MOODY'S CONFIRMS SUNOCO'S Baa2 SR. UNSECURED RATING; OUTLOOK STABLE

30 Apr 2003
MOODY'S CONFIRMS SUNOCO'S Baa2 SR. UNSECURED RATING; OUTLOOK STABLE

Approximately $1.2 Billion of Securities Affected.

New York, April 30, 2003 -- Moody's Investors Service confirmed Sunoco, Inc.'s Baa2 senior unsecured debt rating with a stable outlook. The rating action, prompted by Sunoco's announcement of its intention to purchase El Paso Corporation's Eagle Point refinery, also incorporates the company's recent formation of a chemicals joint venture with Equistar Chemicals, L.P. (Equistar) and its purchase of Equistar's Bayport polypropylene plant. The proposed Eagle Point refinery acquisition is subject to regulatory approval and is expected to close by the end of the second or third quarter.

Moody's confirmed Sunoco's ratings based on the strategic benefits associated with the proposed Eagle Point refinery acquisition and the Equistar transactions. The rating confirmation also reflects Sunoco's ability to finance all announced acquisitions with cash on the balance sheet ($459 million at March 31, 2003).

Sunoco's stable rating outlook assumes management will take steps over the next several months to rebuild the company's financial cushion, which Moody's believes is important for the Baa2 rating in light of the cyclical nature of the refining and chemicals industries. A lack of progress in improving its financial flexibility could pressure Sunoco's ratings. Moody's notes management remains interested in acquiring additional assets in all of its business lines. The stable outlook also assumes Sunoco will finance a meaningful portion of any future material acquisitions with common equity.

Sunoco intends to acquire the Eagle Point refinery for $130 million plus working capital. Located in Westville, New Jersey, across the Delaware River from Sunoco's Philadelphia Refining Complex, Eagle Point is strategically situated to supply Sunoco's Northeast retail network. In addition, similar to Sunoco's existing Northeast refineries, Eagle Point processes light, sweet crude oils. Synergies the company expects to realize from the acquisition include the ability to optimize crude oil purchases, reduce transportation costs, share product streams, and more efficiently utilize processing units. Based on Moody's estimate of the cost of the transaction at approximately $867 per distillation barrel (excluding the value of crude oil and refined product inventory), or $115 per complexity barrel, and projected future maintenance turnaround and environmental capital requirements, the purchase price appears reasonable.

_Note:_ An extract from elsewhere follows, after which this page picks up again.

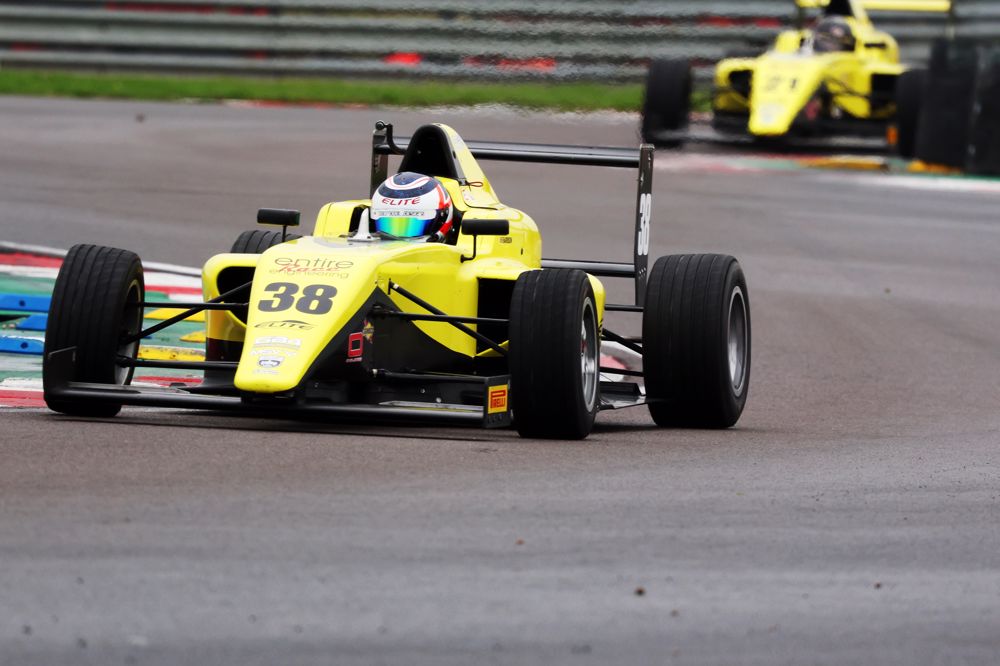 Harrison hurries to double GB4 pole at Donington Park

The Eagle Point acquisition includes certain pipeline and other logistics assets associated with the refinery, which Sunoco intends to make available for sale to Sunoco Logistics Partners, L.P., its 75 percent owned master-limited partnership. However, Moody's analysis of the Eagle Point transaction does not consider a potential sale of the logistics assets to Sunoco Logistics Partners, L.P., as the details of such a transaction have not yet been finalized.

Sunoco recently formed a new limited partnership involving the La Porte, TX ethylene facility of Equistar (rated Ba3 senior implied). The partnership will supply Sunoco with propylene under a long-term supply contract. Sunoco also purchased Equistar's Bayport polypropylene plant. Sunoco paid a total consideration of $198 million (including approximately $8 million of net working capital) in order to purchase the Bayport facility and to form the partnership.

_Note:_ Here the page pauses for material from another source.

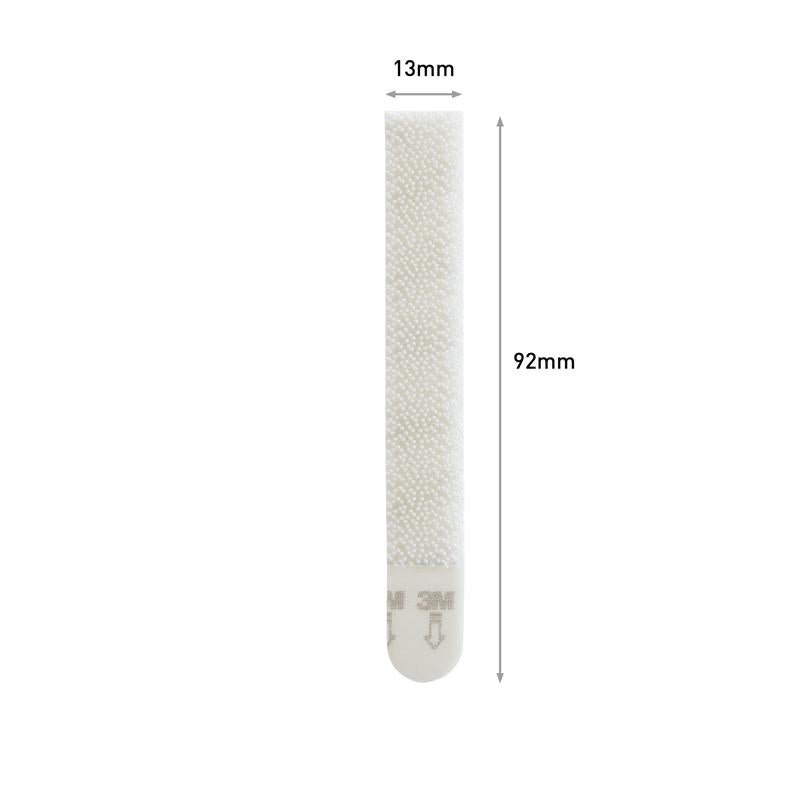 A single Narrow Command™ Picture Hanging Strip (M) 17207 from 3M Deutschland GmbH (92 x 13 mm) is centered on a plain background with labeled arrows indicating its size. The strip is residue-free removable.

The Equistar joint venture will provide Sunoco with a secure supply of propylene for its Gulf Coast polypropylene operations. Propylene supplies are expected to remain tight for the foreseeable future, which could squeeze margins for polypropylene producers that rely on the spot market for raw material purchases. The partnership will supply 700 million pounds of propylene per year to Sunoco over a 15-year period. The contract includes fixed and variable discounts on 500 million of the 700 million pounds of propylene to be delivered under the contract.

The Bayport polypropylene plant, with a capacity of 400 million pounds, will mainly provide benefits of scale. With 2.5 billion pounds of annual capacity, Sunoco is now the third-largest manufacturer of polypropylene in North America. The Bayport plant is less technologically advanced than Sunoco's existing polypropylene plants, but its low acquisition cost helps mitigate this risk. Furthermore, management believes it will be able to improve the facility's capacity utilization, as well as take advantage of some synergies with Sunoco's LaPorte, TX plant through shared services and common management.

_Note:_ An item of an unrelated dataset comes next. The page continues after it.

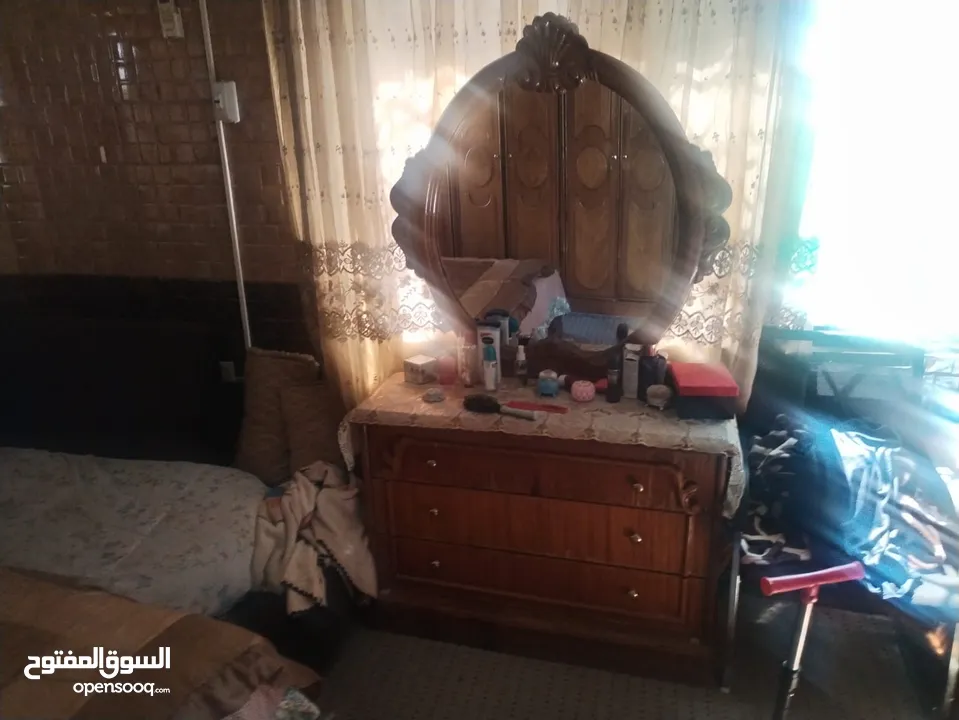 غرفة نوم لون عسلي غامق بحالة الوكالة خشب زان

Sunoco accumulated a sizeable cash balance during 2002, which helped mitigate its poor cash flow-to-debt coverage measures during a period of weak average refining margins. Sunoco financed the recent Equistar transactions with existing cash resources and expects to finance the proposed Eagle Point refinery acquisition, as well as certain previously announced retail acquisitions, in a similar manner. Moody's expects that the company's recent and announced acquisitions will likely absorb most of its existing cash balances.

Sunoco maintains an acceptable liquidity profile. The volatile nature of its earnings and cash flow and rising regulatory capital expenditures are balanced by good quality credit facilities and modest upcoming debt maturities. At December 31, 2002, the company had no borrowing under its committed bank revolving credit facilities and no outstanding commercial paper. Sunoco remains in compliance with financial covenants in its bank credit agreements. The company's $200 million trade receivables securitization contains a rating trigger whereby the agreement terminates in the event of a rating downgrade below Ba2.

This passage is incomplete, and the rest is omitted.